_WORK TASK_.
The reply should repeat all of the data word for word, with no pictures.

===== SOURCE INFORMATION =====

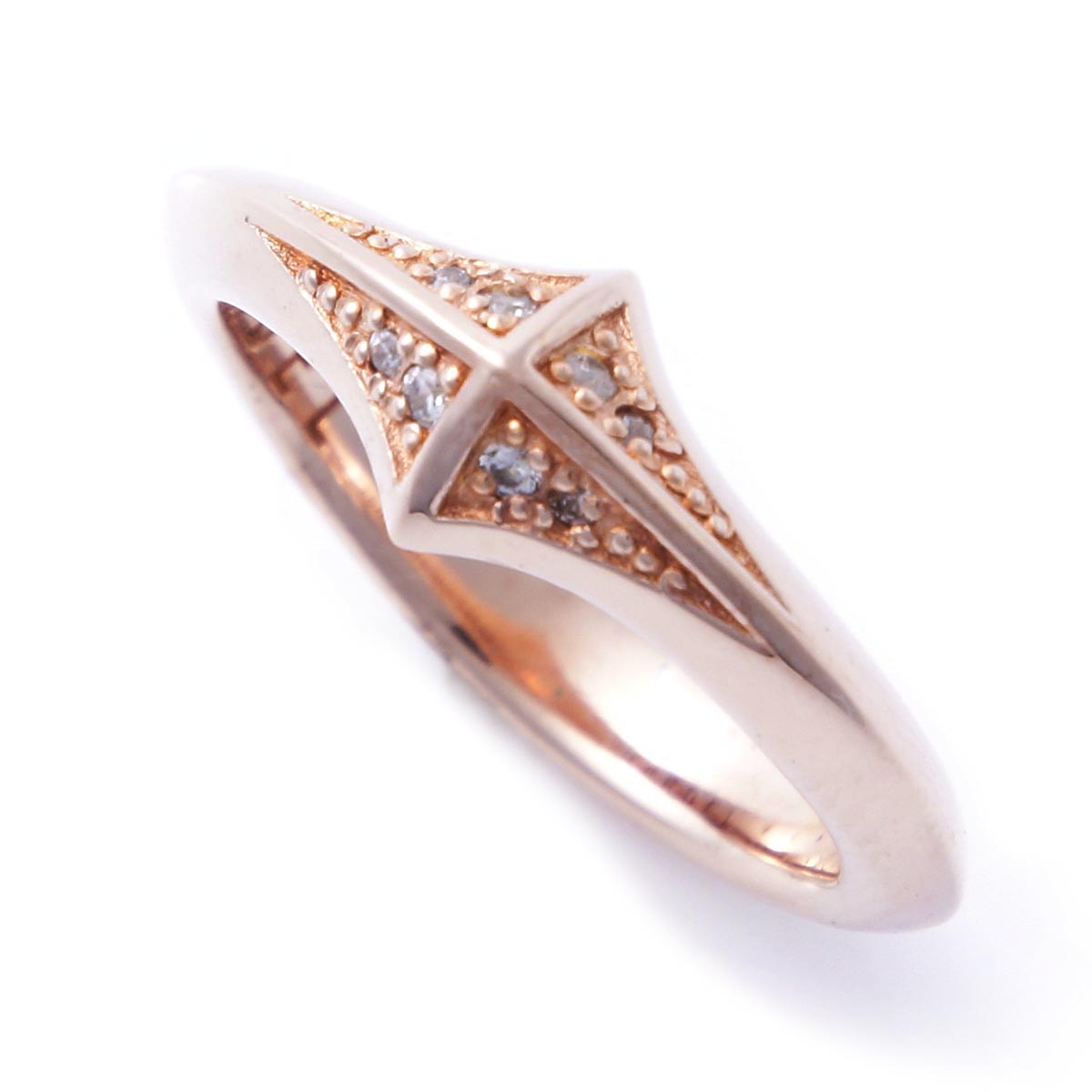 ガーデル GARDEL リング 指輪 ピンク メンズ レディース gdr81 svpinkct TRINITY STUDS RING【返品交換不可】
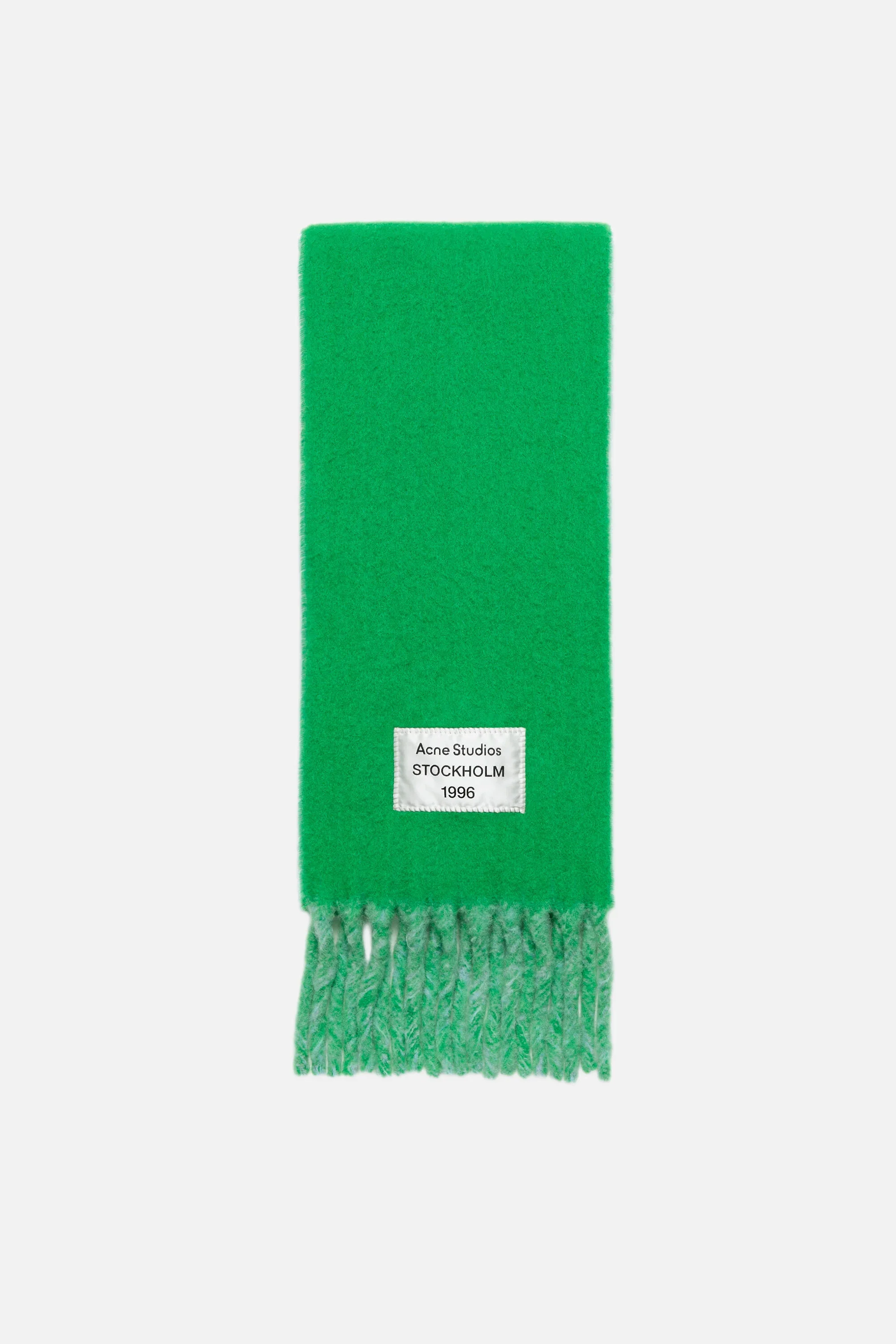 Bicolour Alpaca Scarf - Green/light blue - 1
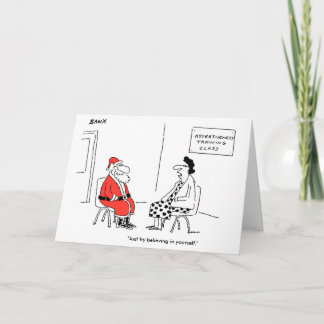 Sankt-Selbstsicherheit-Weihnachtskarte Feiertagskarte
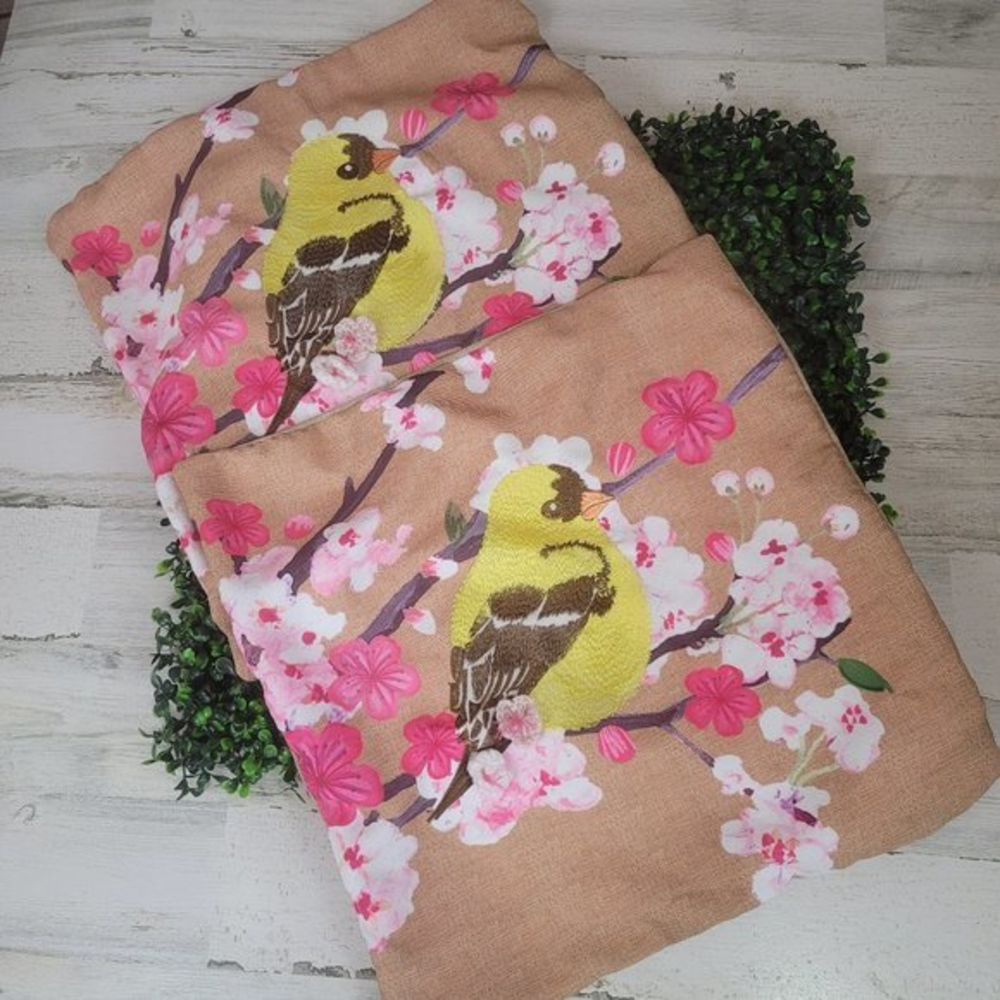 Set‎ of 2 bird pillow covers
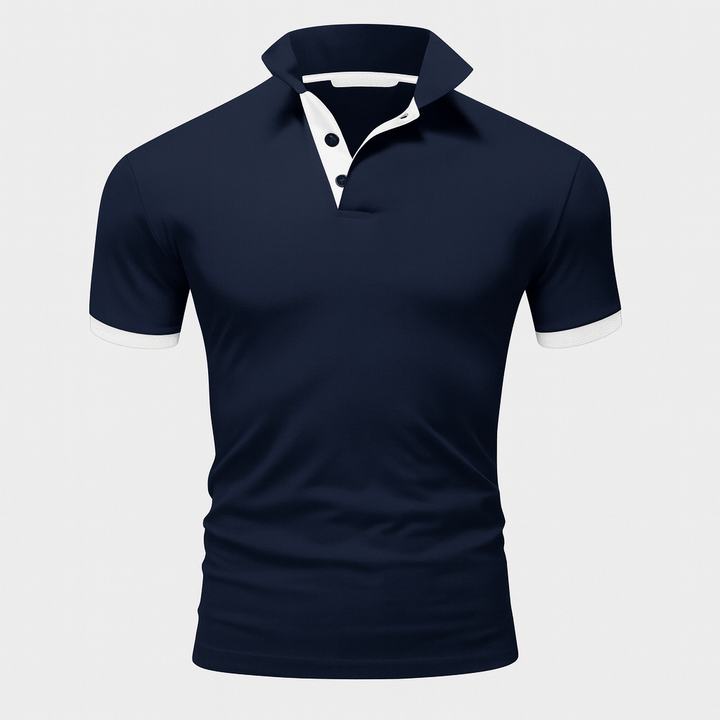Comfortabel heren poloshirt VHM; tijdloze herenmode voor zowel casual als smart casual outfits.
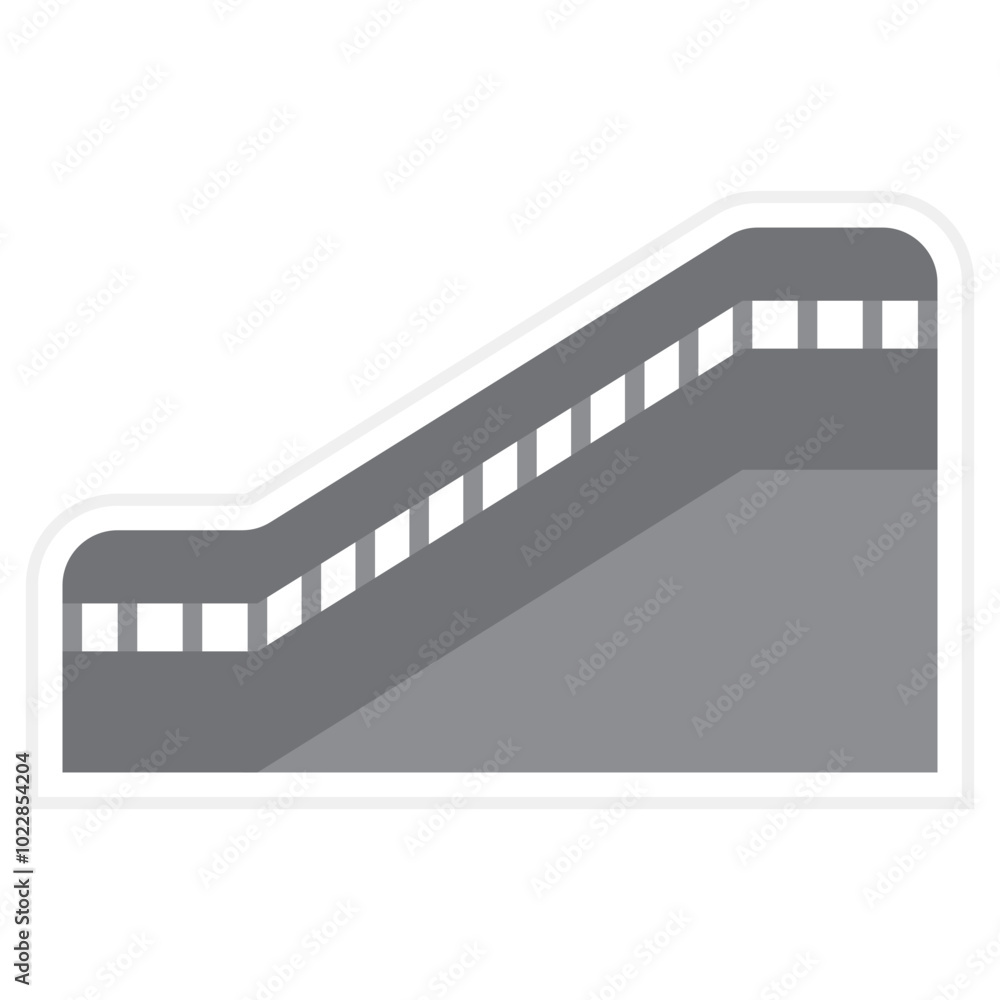 Fototapeta premium Escalators Icon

=====

_EXPECTED ANSWER_.
 ガーデル GARDEL リング 指輪 ピンク メンズ レディース gdr81 svpinkct TRINITY STUDS RING【返品交換不可】
 Bicolour Alpaca Scarf - Green/light blue - 1
 Sankt-Selbstsicherheit-Weihnachtskarte Feiertagskarte
 Set‎ of 2 bird pillow covers
Comfortabel heren poloshirt VHM; tijdloze herenmode voor zowel casual als smart casual outfits.
 Fototapeta premium Escalators Icon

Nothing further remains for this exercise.